"Renata Rossi", una pietra miliare per la Valle del Sarca

Marco Furlani ci racconta l'apertura della via sul Colodri che ha segnato il cambiamento per l'arrampicata ad Arco. "La linea era logica, ci avevano già provato in tanti, ma nessuno aveva passato il traverso"

La Renata Rossi è una signora via ancora oggi, nonostante siano passati 46 anni dalla sua apertura. Taglia la parete del Colodri giusto al centro, ha una linea logica ed estremamente invitante. Le difficoltà alpinistiche si mantengono tra V e VI superiore, con un paio di tiri davvero continui che richiedono tecnica e resistenza. È anche un viaggio nella storia dell'arrampicata della Valle del Sarca per diversi motivi, tra i quali il fatto che il primo spit è stato piantato sulla sua variante Specchio delle mia brame, aperta dall'alto nel 1982 da Roberto Bassi e Heinz Mariacher.

 

Marco Furlani, che ha tracciato la via insieme a Gigi Giacomelli e una seconda cordata composta da Elio Piffer e Roberto Bassi, ci racconta della nascita di questo piccolo gioiello che ha contribuito a rendere Arco uno degli spot più interessanti dell'arrampicata negli ani '80. “Ciano [Stenghel, ndr] l'aveva già provata, era arrivato fino a metà del traverso sotto il tetto, ma non era riuscito a proseguire. E poi anche Aldo Leviti era arrivato fino allo stesso punto e pure Pierluigi Bini con Alberto Campanile ci avevano provato, ma poi Campanile era volato giù sul diedro dopo il traverso e si era rotto i talloni. L'errore che facevano era quello di provare a uscire subito dal tetto dopo la prima parte del traverso. Comunque, fatto sta che nel 1979 non ci era riuscito ancora nessuno. Io invece ho avuto l'intuizione giusta: dopo il tetto ho continuato a traversare a destra, un po' in libera e un po' in artificiale. Comunque avrò messo un paio di chiodi in tutto. Fatto quel passaggio lì siamo saliti su per il diedro.

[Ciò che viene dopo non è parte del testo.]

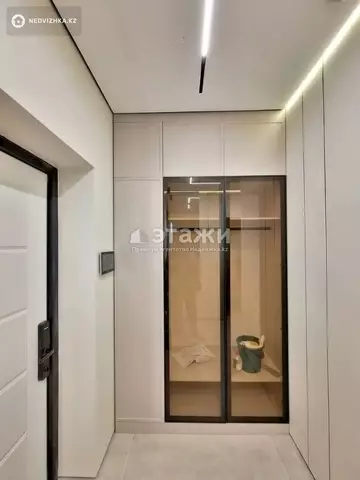 2-комнатная квартира, этаж 3 из 21, 50 м², на длительный срок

Lì l'arrampicata è ancora molto sostenuta, ma poi non è che molla chissà quanto anche sopra”.

 

La via è stata conclusa il 4 febbraio, Furlani e Bassi erano già in piena fase di allenamento per il viaggio a Yosemite e il 6 gennaio avevano aperto la Teresa alle Placche Zebrate. “Mi ricordo che era una giornata fredda. Scalavamo già con le scarpette, prima avevo le Tepa Sport, poi delle scarpe francesi, le Robert Paragot. Ma al tempo le indossavamo con i calzettoni e le tenevamo anche per l'avvicinamento, non era come adesso. C'erano meno cose, l'imbrago per dire me l'ero cucito io. Bassi era ancora un ‘bocia’, aveva appena 18 anni. Poi lui ha arrampicato tanto con Gigi Giacomelli, mi hanno anche fregato – così per dire- la White Crack [sempre al Colodri]. Io ero arrivato fin sotto al tetto, poi ero sceso. Sono andati su loro e l'hanno finita, ma ci sta. Dicevano che volevo fare tutto io...ma era una competizione sana”.

 

Negli anni successivi, Furlani ha arrampicato più con Valentino Chini ed Elio Piffer, Bassi si è progressivamente spostato verso l'arrampicata sportiva. “Per me era un allenamento, mentre loro hanno trovato la loro passione. La variante Specchio delle mie brame alla Renata Rossi l'ho poi fatta in libera proprio con Roberto, che l'aveva aperta con Heinz Mariacher pochi anni dopo [1982, ndr]. Era stata attrezzata dall'alto con i primi spit piantati in valle. Dall'alto come Zanzara e Labbradoro, che aveva aperto con Zanolla. Seguiva un po' la moda del Verdon, dove si faceva così. A quel tempo non c'era ancora Massone, l'arrampicata sportiva doveva ancora venire come attività in sé. Noi andavamo ai Bindesi, ma giusto per allenamento”.

 

La Renata Rossi non è stata la prima via sul Colodri. È arrivata dopo la Umberta Bertamini, la Barbara, la Sommadossi, la Agostina e la Katia. “Ma quando è stata aperta era la più dura della parete. Al tempo quasi tutte le vie erano state dedicate a donne e Giacomelli la volle dedicare a Renata, la prima guida alpina italiana, che era la moglie di suo fratello. La prima ripetizione mi ricordo che l'ha fatta Elio Orlandi con la sua banda e mi aveva ben detto che era dura”.